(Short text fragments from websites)
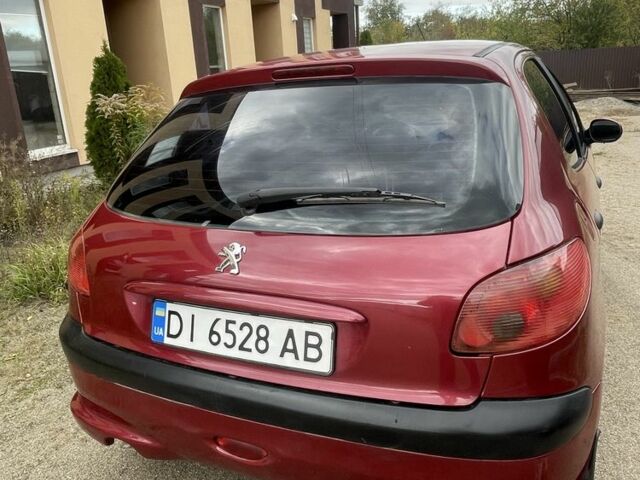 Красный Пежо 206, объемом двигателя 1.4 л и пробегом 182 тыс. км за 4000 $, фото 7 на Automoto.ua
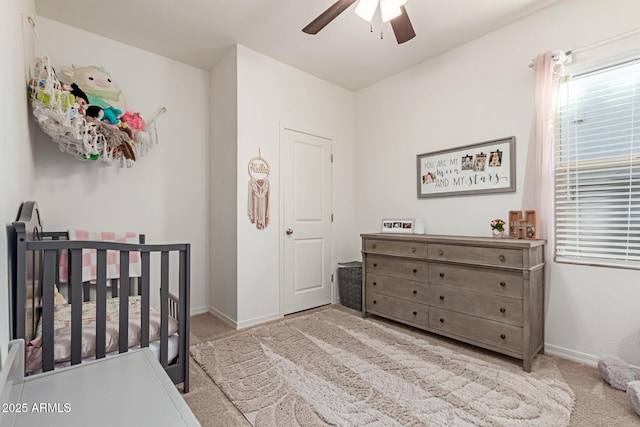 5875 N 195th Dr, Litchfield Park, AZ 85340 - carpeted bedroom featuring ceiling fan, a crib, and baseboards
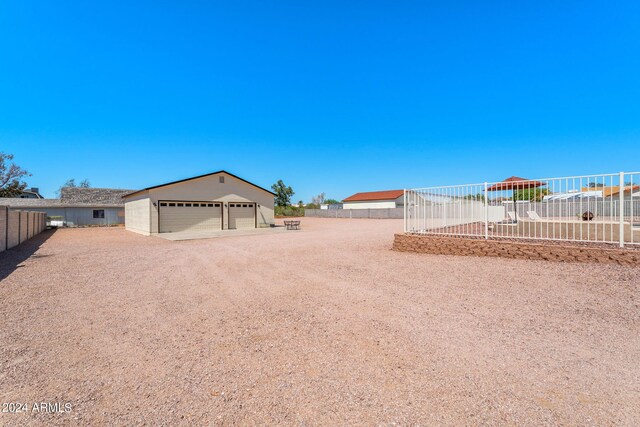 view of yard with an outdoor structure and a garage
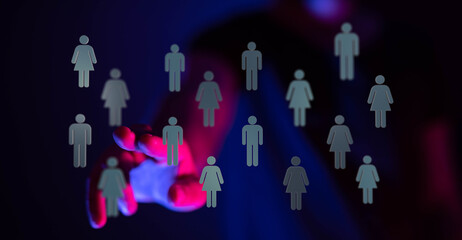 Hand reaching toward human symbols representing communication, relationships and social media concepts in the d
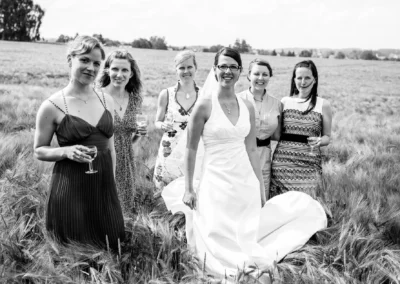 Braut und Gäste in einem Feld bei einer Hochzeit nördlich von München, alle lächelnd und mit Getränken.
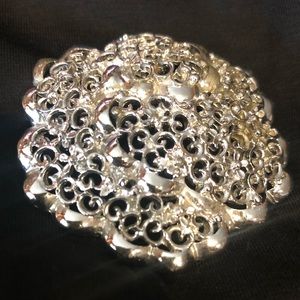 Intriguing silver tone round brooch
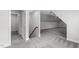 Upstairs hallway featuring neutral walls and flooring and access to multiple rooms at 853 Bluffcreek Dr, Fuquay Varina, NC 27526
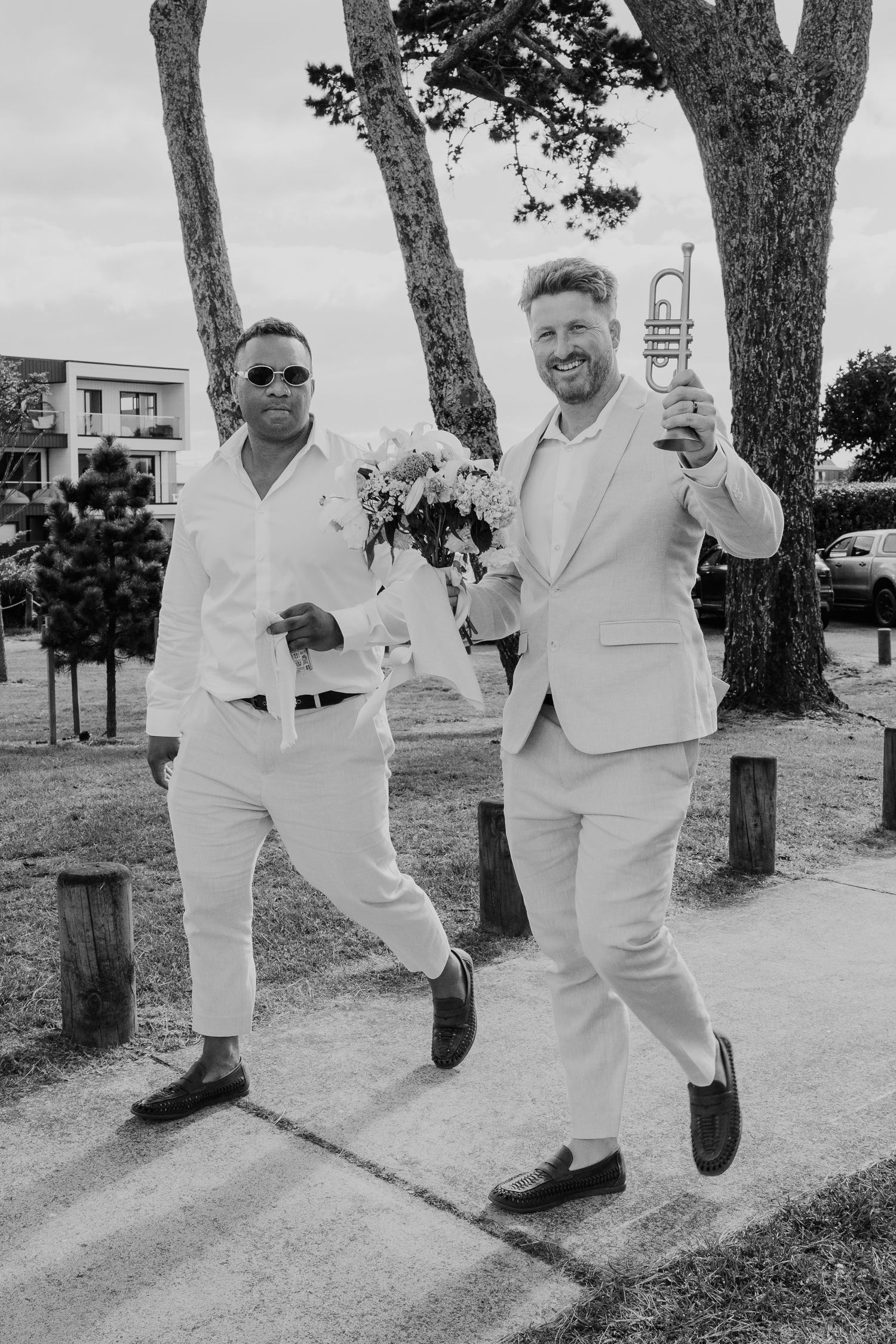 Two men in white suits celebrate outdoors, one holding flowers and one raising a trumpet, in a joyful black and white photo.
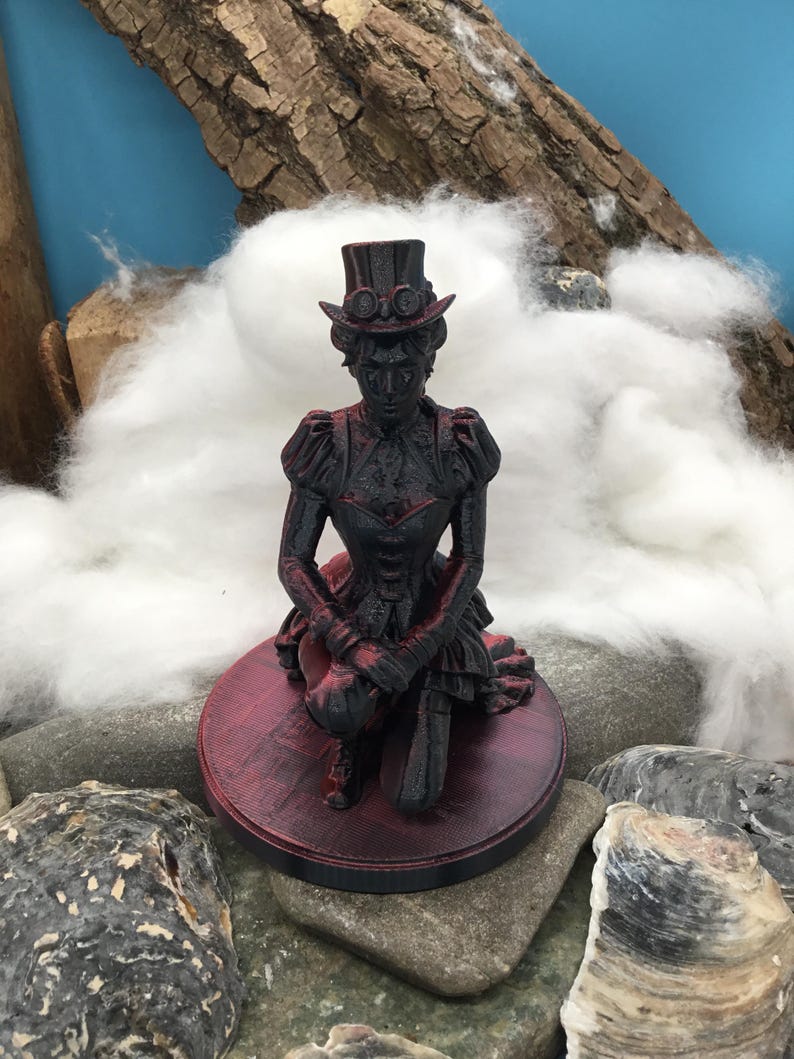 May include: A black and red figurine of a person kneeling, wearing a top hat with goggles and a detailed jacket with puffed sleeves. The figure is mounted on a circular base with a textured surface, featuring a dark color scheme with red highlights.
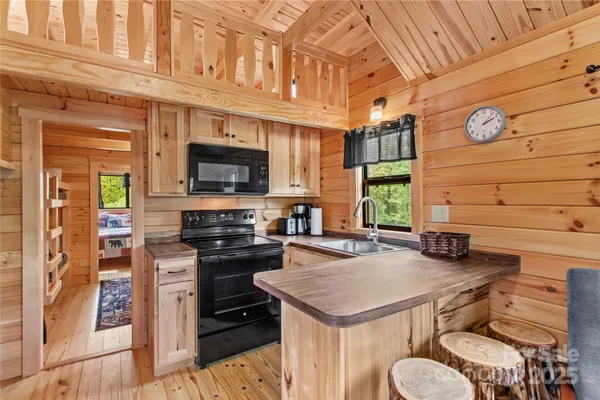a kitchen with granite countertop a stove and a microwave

* The problem
Your answer must be an exact copy of the records above, with no pictures included.

* Task answer
 Красный Пежо 206, объемом двигателя 1.4 л и пробегом 182 тыс. км за 4000 $, фото 7 на Automoto.ua
 5875 N 195th Dr, Litchfield Park, AZ 85340 - carpeted bedroom featuring ceiling fan, a crib, and baseboards
 view of yard with an outdoor structure and a garage
 Hand reaching toward human symbols representing communication, relationships and social media concepts in the d
 Braut und Gäste in einem Feld bei einer Hochzeit nördlich von München, alle lächelnd und mit Getränken.
 Intriguing silver tone round brooch
 Upstairs hallway featuring neutral walls and flooring and access to multiple rooms at 853 Bluffcreek Dr, Fuquay Varina, NC 27526
 Two men in white suits celebrate outdoors, one holding flowers and one raising a trumpet, in a joyful black and white photo.
 May include: A black and red figurine of a person kneeling, wearing a top hat with goggles and a detailed jacket with puffed sleeves. The figure is mounted on a circular base with a textured surface, featuring a dark color scheme with red highlights.
a kitchen with granite countertop a stove and a microwave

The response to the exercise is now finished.